*** DATA EXTRACT ***

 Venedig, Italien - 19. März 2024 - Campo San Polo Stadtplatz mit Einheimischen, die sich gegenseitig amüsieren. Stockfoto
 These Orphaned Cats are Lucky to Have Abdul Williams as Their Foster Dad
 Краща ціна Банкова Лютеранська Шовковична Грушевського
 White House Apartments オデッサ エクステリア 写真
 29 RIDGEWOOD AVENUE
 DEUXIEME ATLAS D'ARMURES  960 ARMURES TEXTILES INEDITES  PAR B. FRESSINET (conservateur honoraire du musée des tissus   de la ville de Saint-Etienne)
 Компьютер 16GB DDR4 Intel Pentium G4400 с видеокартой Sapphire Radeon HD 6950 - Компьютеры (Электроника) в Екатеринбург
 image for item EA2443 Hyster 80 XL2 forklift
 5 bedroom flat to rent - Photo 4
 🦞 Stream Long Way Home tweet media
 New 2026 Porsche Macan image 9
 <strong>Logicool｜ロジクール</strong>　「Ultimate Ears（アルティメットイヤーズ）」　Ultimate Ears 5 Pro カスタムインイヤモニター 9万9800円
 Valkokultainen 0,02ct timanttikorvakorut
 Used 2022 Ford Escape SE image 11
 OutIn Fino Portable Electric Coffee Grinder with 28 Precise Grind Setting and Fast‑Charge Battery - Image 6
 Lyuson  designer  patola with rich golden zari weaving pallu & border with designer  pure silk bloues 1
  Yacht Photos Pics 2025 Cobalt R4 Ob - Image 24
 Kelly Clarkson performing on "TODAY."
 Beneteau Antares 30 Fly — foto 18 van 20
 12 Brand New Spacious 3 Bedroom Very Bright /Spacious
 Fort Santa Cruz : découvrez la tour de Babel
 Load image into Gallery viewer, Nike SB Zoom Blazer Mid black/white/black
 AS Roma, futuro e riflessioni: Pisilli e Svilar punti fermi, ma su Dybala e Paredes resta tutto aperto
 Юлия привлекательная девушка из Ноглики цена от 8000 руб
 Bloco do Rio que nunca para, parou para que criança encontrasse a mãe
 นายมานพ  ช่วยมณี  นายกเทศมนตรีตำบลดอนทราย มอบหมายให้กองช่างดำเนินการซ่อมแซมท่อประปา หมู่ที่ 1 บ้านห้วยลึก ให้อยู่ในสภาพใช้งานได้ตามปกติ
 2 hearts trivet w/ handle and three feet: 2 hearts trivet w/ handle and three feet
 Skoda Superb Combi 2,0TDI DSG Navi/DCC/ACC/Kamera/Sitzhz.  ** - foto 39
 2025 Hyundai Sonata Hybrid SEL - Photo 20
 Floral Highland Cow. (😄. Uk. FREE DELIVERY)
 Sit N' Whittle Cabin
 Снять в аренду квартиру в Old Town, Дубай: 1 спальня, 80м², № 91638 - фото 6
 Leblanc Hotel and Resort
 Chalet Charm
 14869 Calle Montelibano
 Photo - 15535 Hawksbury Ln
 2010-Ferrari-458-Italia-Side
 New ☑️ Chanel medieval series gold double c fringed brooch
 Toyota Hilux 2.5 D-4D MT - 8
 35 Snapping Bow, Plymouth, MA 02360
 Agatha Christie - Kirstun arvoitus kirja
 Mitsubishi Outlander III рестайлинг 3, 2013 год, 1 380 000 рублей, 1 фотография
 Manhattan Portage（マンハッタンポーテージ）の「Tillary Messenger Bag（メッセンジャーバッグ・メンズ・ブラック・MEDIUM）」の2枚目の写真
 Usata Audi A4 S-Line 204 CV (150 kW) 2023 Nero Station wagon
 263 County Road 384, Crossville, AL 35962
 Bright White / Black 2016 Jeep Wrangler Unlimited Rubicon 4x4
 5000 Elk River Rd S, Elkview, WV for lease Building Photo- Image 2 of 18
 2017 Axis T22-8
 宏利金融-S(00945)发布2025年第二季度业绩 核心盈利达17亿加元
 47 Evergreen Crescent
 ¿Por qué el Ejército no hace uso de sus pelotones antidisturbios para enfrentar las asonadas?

*** End of DATA EXTRACT ***

WORK ORDER:
Above are the records; repeat exactly the lines from the one holding "image for item EA2443 Hyster 80 XL2 forklift" down to the one holding "Agatha Christie - Kirstun arvoitus kirja", end lines included.

COMPLETED TASK:
 image for item EA2443 Hyster 80 XL2 forklift
 5 bedroom flat to rent - Photo 4
 🦞 Stream Long Way Home tweet media
 New 2026 Porsche Macan image 9
 <strong>Logicool｜ロジクール</strong>　「Ultimate Ears（アルティメットイヤーズ）」　Ultimate Ears 5 Pro カスタムインイヤモニター 9万9800円
 Valkokultainen 0,02ct timanttikorvakorut
 Used 2022 Ford Escape SE image 11
 OutIn Fino Portable Electric Coffee Grinder with 28 Precise Grind Setting and Fast‑Charge Battery - Image 6
 Lyuson  designer  patola with rich golden zari weaving pallu & border with designer  pure silk bloues 1
  Yacht Photos Pics 2025 Cobalt R4 Ob - Image 24
 Kelly Clarkson performing on "TODAY."
 Beneteau Antares 30 Fly — foto 18 van 20
 12 Brand New Spacious 3 Bedroom Very Bright /Spacious
 Fort Santa Cruz : découvrez la tour de Babel
 Load image into Gallery viewer, Nike SB Zoom Blazer Mid black/white/black
 AS Roma, futuro e riflessioni: Pisilli e Svilar punti fermi, ma su Dybala e Paredes resta tutto aperto
 Юлия привлекательная девушка из Ноглики цена от 8000 руб
 Bloco do Rio que nunca para, parou para que criança encontrasse a mãe
 นายมานพ  ช่วยมณี  นายกเทศมนตรีตำบลดอนทราย มอบหมายให้กองช่างดำเนินการซ่อมแซมท่อประปา หมู่ที่ 1 บ้านห้วยลึก ให้อยู่ในสภาพใช้งานได้ตามปกติ
 2 hearts trivet w/ handle and three feet: 2 hearts trivet w/ handle and three feet
 Skoda Superb Combi 2,0TDI DSG Navi/DCC/ACC/Kamera/Sitzhz.  ** - foto 39
 2025 Hyundai Sonata Hybrid SEL - Photo 20
 Floral Highland Cow. (😄. Uk. FREE DELIVERY)
 Sit N' Whittle Cabin
 Снять в аренду квартиру в Old Town, Дубай: 1 спальня, 80м², № 91638 - фото 6
 Leblanc Hotel and Resort
 Chalet Charm
 14869 Calle Montelibano
 Photo - 15535 Hawksbury Ln
 2010-Ferrari-458-Italia-Side
 New ☑️ Chanel medieval series gold double c fringed brooch
 Toyota Hilux 2.5 D-4D MT - 8
 35 Snapping Bow, Plymouth, MA 02360
 Agatha Christie - Kirstun arvoitus kirja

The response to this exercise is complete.